Among the key mineral exports, it is only iron ore that has avoided demand and price destruction – to date at any rate. Taxes and royalties continue to roll into government coffers, and company profits from the commodity remain at elevated levels.
Iron ore continues to trade around $US90/t ($146/t). That is the same as last year’s annual (calendar) average which itself was up by 36 per cent on the 2018 average of $US66/t — a response to the supply hit from the tailings dam disaster in Brazil early in 2019.
Compare that price performance with other mineral commodities. Copper is now down by 8.5 per cent on its 2019 average, zinc is down by 24 per cent, lead is down by 11 per cent and nickel is down by 9 per cent.
It’s as if iron ore has assumed the sort of “safe haven’’ status attributed to gold, a $25bn export industry.

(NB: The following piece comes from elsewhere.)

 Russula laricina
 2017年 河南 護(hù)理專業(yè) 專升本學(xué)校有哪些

In the last two weeks, iron ore has actually strengthened its haven credentials over gold by staying steady in price while the yellow metal has fallen by 9 per cent under the weight of forced selling to cover margin calls in crashing equity markets.

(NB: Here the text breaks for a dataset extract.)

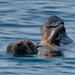 Southern Fur Seals - Photo (c) Mason Maron, all rights reserved, uploaded by Mason Maron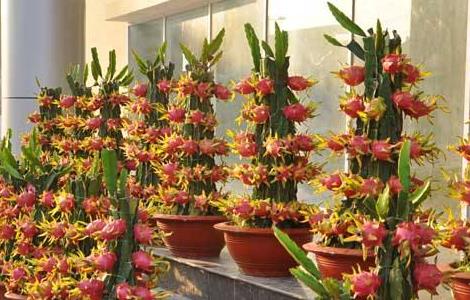 火龙果的盆栽种植方法 火龙果的盆栽种植方法图片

Gold at Friday’s close of $US1,530/oz nevertheless remains well ahead of its 2019 average of $US1,393/oz. And it remains deeply embedded in the psyche of investors as a store of value. Iron ore can’t claim that.

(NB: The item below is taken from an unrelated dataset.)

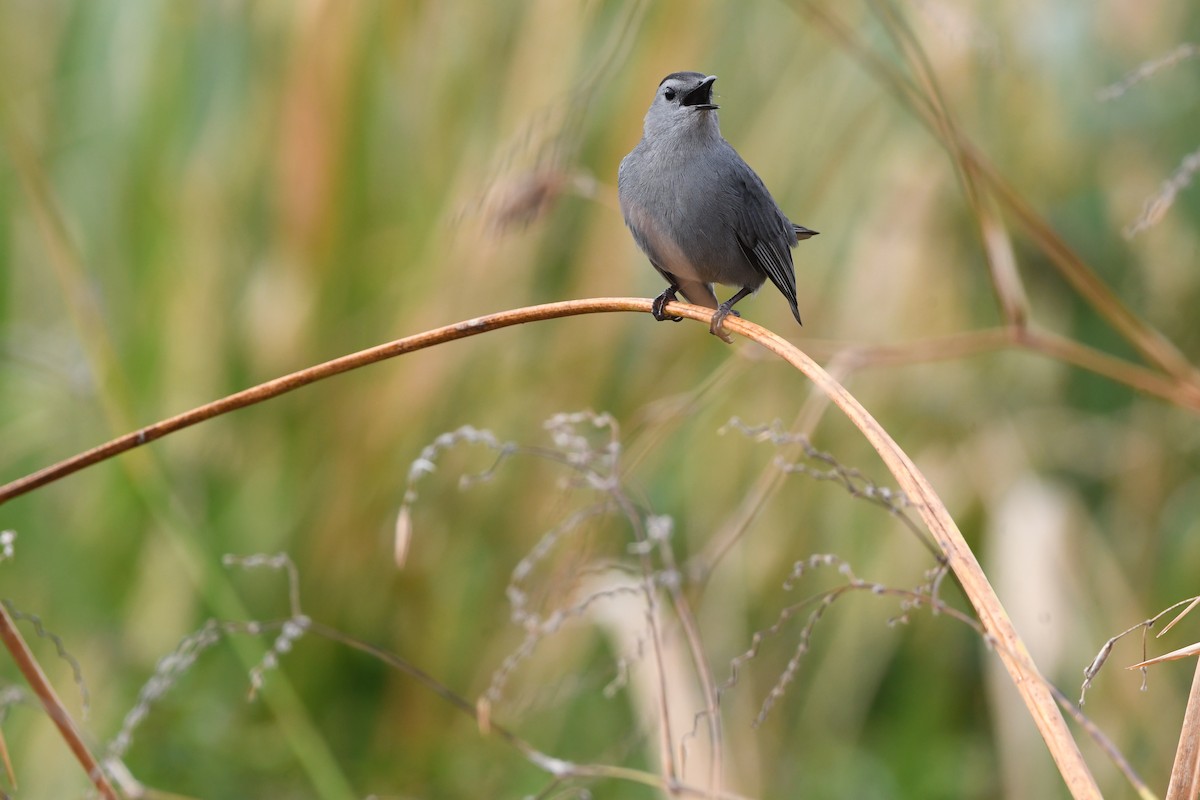 kattespottefugl - ML645924892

Still, in the here and now, iron ore has been a star performer. China’s return to work — and economic stimulus by Beijing — is critical to that remaining the case as its steelmakers can only stockpile unsold steel products for so long.
Currently, analysts reckon things will continue to go iron ore’s way for at least the rest of the year. But try and tell that to the share market where the values of the iron ore producers have been smashed just as hard as most, but not all, other sectors.
All that has created an opportunity for investors, one that recognises the growing disconnect between iron ore’s continuing price strength and the smashing of equity values.
Now it is has to be emphasised here that iron ore’s unique price strength has not shielded the share prices of the iron ore producers from the broader crash in equity markets.
But it has set them up for the quickest recovery in recognition of the fact that unlike large swathes of industry, their profits/dividends are pretty much intact moving forward.